BEGIN Information

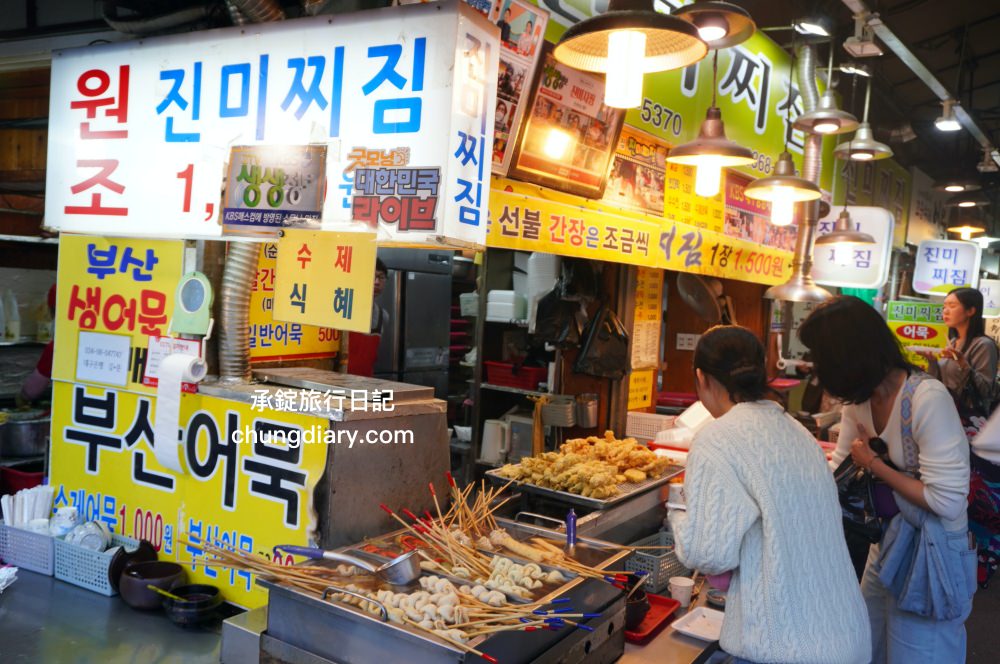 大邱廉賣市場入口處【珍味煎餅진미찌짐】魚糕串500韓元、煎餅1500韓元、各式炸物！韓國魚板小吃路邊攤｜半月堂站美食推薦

END Information
BEGIN Information

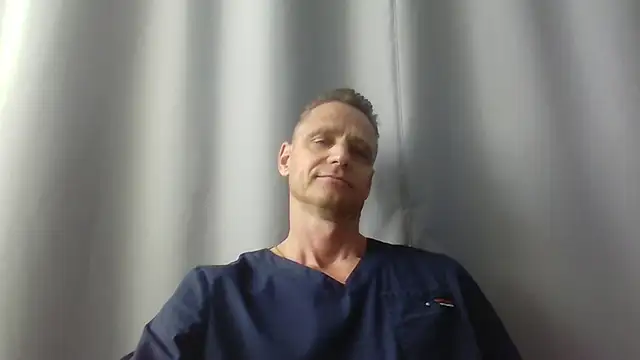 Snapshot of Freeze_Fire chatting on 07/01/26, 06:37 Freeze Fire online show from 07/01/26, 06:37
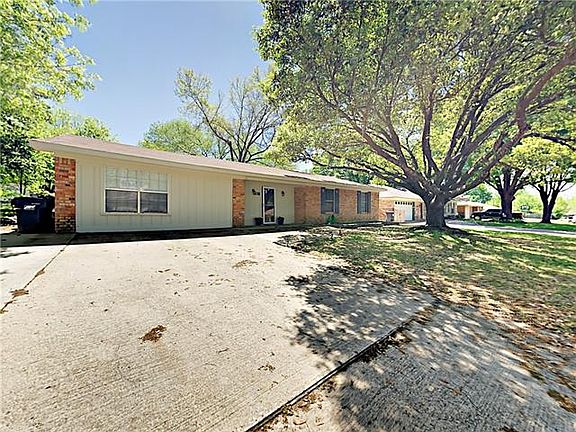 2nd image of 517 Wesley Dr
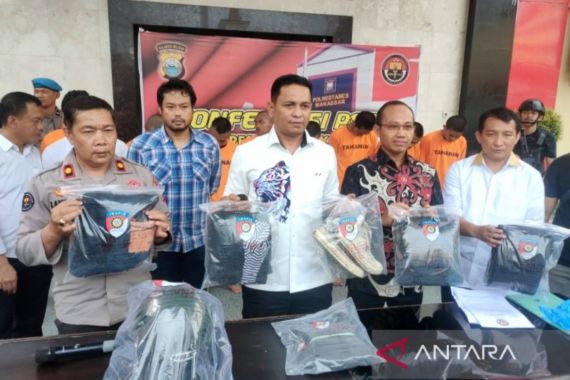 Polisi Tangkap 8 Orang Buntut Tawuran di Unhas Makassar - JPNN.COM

END Information

## Task to carry out:
Take the material above from the line bearing "2nd image of 517 Wesley Dr" through the line bearing "Polisi Tangkap 8" and write it out exactly, both end lines included. Pictures stay out.

## Your response:
 2nd image of 517 Wesley Dr
 Polisi Tangkap 8 Orang Buntut Tawuran di Unhas Makassar - JPNN.COM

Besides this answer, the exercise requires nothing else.